Genome mining reveals chitin degradation potential of \(\textit{Streptomyces parvulus}\) VCCM 22513

Abstract

The genus Streptomyces is not only known as a natural producer of antibiotics but also a prolific source of chitinolytic enzymes that digest recalcitrant chitin to chitooligosaccharides. However, only a few reports have used whole-genome sequencing to study chitin degradation of Streptomyces to date. In the present study, out of 22 Streptomyces strains, Streptomyces parvulus VCCM 22513 produced the highest chitinase activity. Time courses of incubation revealed that the maximum chitinase (0.91 ± 0.04 U/mL) of this strain was observed after 96 hours in the yeast extract salts medium supplemented with 10.0 g/L colloidal chitin. Additional genomic analysis of VCCM 22513 was also conducted to discover the genomic information related to chitin degradation.
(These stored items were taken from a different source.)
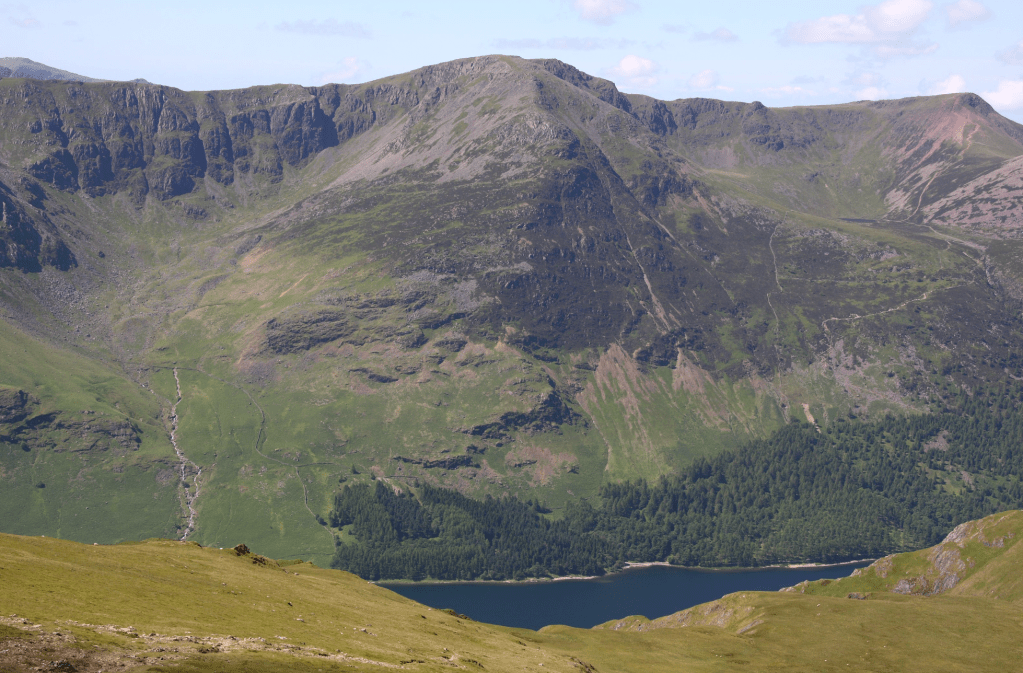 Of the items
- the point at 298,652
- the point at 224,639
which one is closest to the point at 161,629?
the point at 224,639

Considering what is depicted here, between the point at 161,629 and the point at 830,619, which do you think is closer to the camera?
the point at 161,629

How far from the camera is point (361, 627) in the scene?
363ft

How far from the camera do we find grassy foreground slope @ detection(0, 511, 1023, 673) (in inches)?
3172

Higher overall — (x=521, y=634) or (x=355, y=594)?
(x=355, y=594)

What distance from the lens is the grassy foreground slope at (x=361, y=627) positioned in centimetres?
8056

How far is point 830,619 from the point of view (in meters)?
166

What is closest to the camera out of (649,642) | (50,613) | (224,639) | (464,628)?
(50,613)

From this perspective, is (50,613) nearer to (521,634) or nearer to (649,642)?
(521,634)

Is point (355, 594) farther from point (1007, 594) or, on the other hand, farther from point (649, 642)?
point (1007, 594)

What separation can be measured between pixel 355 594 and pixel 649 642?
55095 mm

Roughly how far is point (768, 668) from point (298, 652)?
8660 centimetres

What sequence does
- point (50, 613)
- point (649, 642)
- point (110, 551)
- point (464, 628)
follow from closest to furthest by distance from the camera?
1. point (50, 613)
2. point (110, 551)
3. point (464, 628)
4. point (649, 642)

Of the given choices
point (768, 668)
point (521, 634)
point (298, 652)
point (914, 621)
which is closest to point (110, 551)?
point (298, 652)

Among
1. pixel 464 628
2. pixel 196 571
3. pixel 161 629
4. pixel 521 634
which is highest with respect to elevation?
pixel 161 629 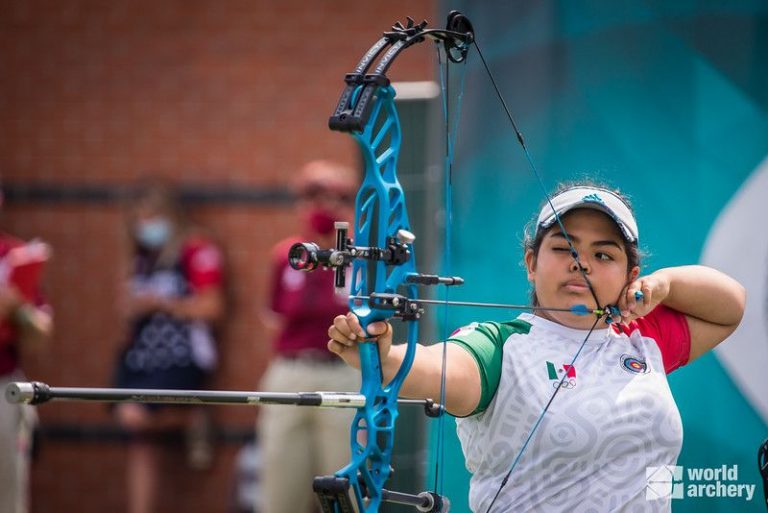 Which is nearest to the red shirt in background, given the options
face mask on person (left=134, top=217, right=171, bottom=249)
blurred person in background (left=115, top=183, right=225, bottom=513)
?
blurred person in background (left=115, top=183, right=225, bottom=513)

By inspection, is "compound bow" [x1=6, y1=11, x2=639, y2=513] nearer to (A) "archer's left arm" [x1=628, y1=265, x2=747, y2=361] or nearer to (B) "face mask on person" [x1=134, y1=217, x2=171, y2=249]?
(A) "archer's left arm" [x1=628, y1=265, x2=747, y2=361]

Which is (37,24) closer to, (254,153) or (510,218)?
(254,153)

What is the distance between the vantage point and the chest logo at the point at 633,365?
Answer: 9.42 feet

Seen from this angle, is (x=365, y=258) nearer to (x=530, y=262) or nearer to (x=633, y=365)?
(x=530, y=262)

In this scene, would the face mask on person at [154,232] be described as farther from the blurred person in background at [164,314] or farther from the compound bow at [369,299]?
the compound bow at [369,299]

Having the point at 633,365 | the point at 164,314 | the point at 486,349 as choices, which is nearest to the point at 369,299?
the point at 486,349

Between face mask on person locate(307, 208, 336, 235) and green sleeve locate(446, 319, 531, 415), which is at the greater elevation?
face mask on person locate(307, 208, 336, 235)

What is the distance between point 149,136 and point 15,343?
251 centimetres

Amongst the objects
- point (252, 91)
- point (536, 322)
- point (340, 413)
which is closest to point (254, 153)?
point (252, 91)

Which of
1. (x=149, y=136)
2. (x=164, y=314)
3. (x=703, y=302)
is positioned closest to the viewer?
(x=703, y=302)

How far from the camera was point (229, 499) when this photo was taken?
7.05 m

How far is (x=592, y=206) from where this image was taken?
2863mm

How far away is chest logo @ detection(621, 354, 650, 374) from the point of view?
9.42 ft

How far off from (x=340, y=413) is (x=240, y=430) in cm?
183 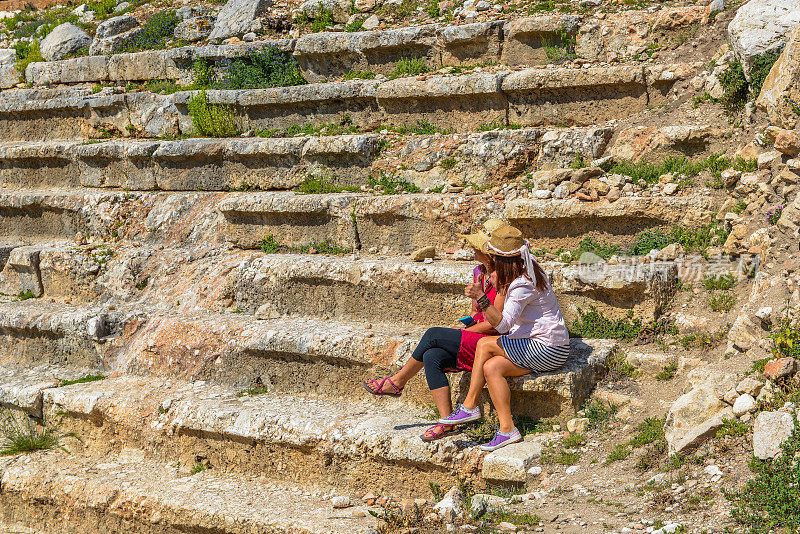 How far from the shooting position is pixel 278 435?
573 centimetres

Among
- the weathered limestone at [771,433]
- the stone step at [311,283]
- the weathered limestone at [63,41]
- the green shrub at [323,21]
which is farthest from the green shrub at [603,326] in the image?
the weathered limestone at [63,41]

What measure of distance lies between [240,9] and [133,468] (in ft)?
22.7

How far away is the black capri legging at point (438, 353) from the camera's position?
5297 millimetres

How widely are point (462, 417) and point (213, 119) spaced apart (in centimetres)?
572

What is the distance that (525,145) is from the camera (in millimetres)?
7340

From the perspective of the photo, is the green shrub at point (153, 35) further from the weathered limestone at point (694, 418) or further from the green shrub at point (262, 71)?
the weathered limestone at point (694, 418)

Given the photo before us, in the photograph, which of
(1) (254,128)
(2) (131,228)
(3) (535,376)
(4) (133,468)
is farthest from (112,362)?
(3) (535,376)

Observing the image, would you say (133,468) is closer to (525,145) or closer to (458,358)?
(458,358)

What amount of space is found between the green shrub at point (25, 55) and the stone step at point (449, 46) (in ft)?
6.51

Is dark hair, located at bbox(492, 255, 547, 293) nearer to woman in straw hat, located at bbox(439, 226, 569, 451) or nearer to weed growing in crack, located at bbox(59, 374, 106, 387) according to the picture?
woman in straw hat, located at bbox(439, 226, 569, 451)

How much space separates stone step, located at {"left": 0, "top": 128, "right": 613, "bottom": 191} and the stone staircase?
1.0 inches

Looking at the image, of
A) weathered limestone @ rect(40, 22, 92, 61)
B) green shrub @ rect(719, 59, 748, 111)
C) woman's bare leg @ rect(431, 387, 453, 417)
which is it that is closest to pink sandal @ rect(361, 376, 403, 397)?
woman's bare leg @ rect(431, 387, 453, 417)

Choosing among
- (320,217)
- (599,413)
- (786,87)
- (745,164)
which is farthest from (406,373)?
(786,87)

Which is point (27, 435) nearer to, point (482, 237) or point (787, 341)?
point (482, 237) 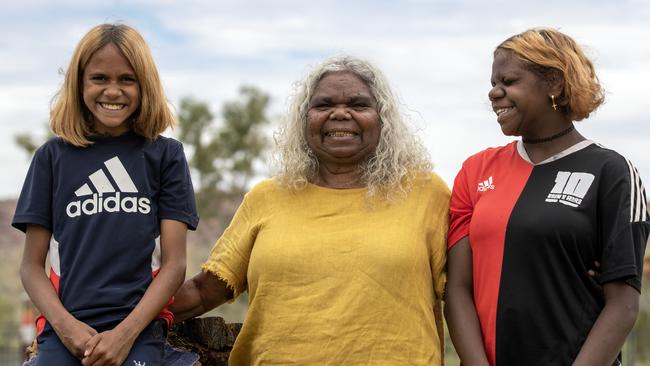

The VCCM 22513 genome consists of 341 CAZy genes divided into 6 families including glycoside hydrolase (134 genes), carbohydrate-binding module (88 genes), glycosyl transferase (87 genes), carbohydrate esterase (18 genes), polysaccharide lyase (7 genes), and auxiliary activity (7 genes). Further genome mining revealed the presence of 10 chitinases, 4 lytic polysaccharide monooxygenases, and 14 β-N-acetylhexosaminidases, which mainly contribute to the degradation of chitin polymers. This is the first report revealing the mechanism underlying the chitin degradation of S. parvulus. Further investigations are required to characterize chitinolytic enzymes found in this study for the bioeconomic production of high-quality chitooligosaccharides from chitin food wastes.